Records to process »
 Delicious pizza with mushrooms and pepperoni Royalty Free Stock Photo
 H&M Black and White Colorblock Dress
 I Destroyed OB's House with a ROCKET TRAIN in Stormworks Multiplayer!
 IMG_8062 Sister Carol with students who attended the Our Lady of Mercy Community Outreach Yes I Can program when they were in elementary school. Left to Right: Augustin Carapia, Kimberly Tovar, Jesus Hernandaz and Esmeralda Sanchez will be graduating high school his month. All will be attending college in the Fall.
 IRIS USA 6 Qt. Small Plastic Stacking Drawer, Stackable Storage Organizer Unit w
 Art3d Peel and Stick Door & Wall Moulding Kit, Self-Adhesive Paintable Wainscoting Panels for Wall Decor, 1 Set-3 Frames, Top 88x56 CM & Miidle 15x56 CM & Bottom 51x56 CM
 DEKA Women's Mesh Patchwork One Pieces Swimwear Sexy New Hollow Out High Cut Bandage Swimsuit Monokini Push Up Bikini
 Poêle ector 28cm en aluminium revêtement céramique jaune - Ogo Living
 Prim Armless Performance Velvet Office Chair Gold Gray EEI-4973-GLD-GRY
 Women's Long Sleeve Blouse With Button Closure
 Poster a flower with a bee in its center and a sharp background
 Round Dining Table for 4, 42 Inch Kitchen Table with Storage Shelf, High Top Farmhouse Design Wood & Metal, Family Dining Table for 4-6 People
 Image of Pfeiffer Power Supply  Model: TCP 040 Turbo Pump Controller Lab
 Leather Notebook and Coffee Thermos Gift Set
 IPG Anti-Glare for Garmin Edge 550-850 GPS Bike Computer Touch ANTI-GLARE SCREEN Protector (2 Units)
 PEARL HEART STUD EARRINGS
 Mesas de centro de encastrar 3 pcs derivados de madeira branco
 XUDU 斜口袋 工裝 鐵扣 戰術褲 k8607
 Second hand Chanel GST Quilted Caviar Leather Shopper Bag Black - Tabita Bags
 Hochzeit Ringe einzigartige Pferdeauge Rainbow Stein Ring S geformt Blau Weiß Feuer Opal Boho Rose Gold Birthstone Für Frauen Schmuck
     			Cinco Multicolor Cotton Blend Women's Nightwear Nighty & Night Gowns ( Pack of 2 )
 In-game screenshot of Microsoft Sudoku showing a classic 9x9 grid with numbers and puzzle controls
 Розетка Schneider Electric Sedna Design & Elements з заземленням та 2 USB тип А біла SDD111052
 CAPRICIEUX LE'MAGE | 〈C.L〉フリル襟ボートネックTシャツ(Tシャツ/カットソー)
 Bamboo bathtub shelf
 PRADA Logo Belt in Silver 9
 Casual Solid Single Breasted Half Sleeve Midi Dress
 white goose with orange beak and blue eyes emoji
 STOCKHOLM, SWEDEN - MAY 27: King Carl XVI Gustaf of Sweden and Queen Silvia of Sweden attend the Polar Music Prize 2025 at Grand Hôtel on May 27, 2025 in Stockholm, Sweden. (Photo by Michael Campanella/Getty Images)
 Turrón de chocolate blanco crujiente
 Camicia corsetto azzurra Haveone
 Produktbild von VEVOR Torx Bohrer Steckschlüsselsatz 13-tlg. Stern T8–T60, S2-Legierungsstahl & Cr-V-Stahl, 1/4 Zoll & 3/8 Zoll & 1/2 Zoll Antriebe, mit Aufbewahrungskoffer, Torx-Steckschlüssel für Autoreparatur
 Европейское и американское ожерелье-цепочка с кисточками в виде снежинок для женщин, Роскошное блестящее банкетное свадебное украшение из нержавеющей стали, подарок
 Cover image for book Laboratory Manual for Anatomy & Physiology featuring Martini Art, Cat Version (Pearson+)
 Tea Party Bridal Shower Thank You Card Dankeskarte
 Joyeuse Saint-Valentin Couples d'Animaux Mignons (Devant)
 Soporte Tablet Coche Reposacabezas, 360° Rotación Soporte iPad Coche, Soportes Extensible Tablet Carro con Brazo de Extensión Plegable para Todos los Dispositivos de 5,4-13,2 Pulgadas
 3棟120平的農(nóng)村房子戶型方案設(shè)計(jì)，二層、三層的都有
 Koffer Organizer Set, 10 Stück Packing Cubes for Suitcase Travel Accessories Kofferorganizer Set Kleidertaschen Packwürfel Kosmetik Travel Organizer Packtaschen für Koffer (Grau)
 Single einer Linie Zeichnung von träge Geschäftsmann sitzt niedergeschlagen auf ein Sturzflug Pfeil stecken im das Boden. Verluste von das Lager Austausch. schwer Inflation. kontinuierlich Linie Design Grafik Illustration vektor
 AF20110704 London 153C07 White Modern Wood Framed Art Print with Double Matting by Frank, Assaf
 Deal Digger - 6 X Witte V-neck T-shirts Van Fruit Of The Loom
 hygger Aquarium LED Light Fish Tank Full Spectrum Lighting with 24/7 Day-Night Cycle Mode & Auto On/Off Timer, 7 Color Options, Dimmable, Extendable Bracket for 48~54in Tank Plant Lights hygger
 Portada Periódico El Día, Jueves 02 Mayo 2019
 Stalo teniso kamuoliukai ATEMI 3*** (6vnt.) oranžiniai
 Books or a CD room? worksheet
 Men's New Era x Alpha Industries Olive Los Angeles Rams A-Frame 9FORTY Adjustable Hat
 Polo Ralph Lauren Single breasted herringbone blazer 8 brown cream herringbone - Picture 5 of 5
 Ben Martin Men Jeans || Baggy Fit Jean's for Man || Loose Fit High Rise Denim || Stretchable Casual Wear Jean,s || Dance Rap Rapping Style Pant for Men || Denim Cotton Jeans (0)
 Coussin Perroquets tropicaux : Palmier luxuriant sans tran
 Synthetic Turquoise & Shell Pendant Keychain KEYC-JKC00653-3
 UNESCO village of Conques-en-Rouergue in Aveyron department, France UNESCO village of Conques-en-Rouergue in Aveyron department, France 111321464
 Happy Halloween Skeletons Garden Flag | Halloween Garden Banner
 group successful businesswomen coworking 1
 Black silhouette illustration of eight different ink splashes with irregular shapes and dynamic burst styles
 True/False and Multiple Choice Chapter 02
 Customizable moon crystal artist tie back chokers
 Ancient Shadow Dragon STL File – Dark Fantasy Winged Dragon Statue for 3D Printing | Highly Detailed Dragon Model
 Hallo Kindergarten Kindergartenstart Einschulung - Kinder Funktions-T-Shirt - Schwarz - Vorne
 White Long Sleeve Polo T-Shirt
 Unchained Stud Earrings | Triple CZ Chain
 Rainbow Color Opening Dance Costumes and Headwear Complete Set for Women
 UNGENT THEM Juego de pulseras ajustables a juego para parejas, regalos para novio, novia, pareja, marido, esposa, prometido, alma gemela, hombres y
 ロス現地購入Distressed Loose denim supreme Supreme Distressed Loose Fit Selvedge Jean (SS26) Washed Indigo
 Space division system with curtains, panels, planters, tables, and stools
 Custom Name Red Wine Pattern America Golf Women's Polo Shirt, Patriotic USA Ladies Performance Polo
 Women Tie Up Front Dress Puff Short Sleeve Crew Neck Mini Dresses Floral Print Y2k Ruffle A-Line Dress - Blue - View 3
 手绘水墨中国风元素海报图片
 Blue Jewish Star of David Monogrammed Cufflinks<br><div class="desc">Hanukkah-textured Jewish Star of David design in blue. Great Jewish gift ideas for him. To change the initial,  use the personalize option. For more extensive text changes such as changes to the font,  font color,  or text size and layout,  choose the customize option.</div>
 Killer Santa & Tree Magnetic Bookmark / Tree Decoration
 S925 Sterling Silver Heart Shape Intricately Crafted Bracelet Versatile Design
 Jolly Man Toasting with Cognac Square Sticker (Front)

Description of the task »
Would you retype exactly the lines above, from the line with "CAPRICIEUX LE'MAGE |" to the line with "Soporte Tablet Coche", with both end lines kept and nothing more?

Task response »
 CAPRICIEUX LE'MAGE | 〈C.L〉フリル襟ボートネックTシャツ(Tシャツ/カットソー)
 Bamboo bathtub shelf
 PRADA Logo Belt in Silver 9
 Casual Solid Single Breasted Half Sleeve Midi Dress
 white goose with orange beak and blue eyes emoji
 STOCKHOLM, SWEDEN - MAY 27: King Carl XVI Gustaf of Sweden and Queen Silvia of Sweden attend the Polar Music Prize 2025 at Grand Hôtel on May 27, 2025 in Stockholm, Sweden. (Photo by Michael Campanella/Getty Images)
 Turrón de chocolate blanco crujiente
 Camicia corsetto azzurra Haveone
 Produktbild von VEVOR Torx Bohrer Steckschlüsselsatz 13-tlg. Stern T8–T60, S2-Legierungsstahl & Cr-V-Stahl, 1/4 Zoll & 3/8 Zoll & 1/2 Zoll Antriebe, mit Aufbewahrungskoffer, Torx-Steckschlüssel für Autoreparatur
 Европейское и американское ожерелье-цепочка с кисточками в виде снежинок для женщин, Роскошное блестящее банкетное свадебное украшение из нержавеющей стали, подарок
 Cover image for book Laboratory Manual for Anatomy & Physiology featuring Martini Art, Cat Version (Pearson+)
 Tea Party Bridal Shower Thank You Card Dankeskarte
 Joyeuse Saint-Valentin Couples d'Animaux Mignons (Devant)
 Soporte Tablet Coche Reposacabezas, 360° Rotación Soporte iPad Coche, Soportes Extensible Tablet Carro con Brazo de Extensión Plegable para Todos los Dispositivos de 5,4-13,2 Pulgadas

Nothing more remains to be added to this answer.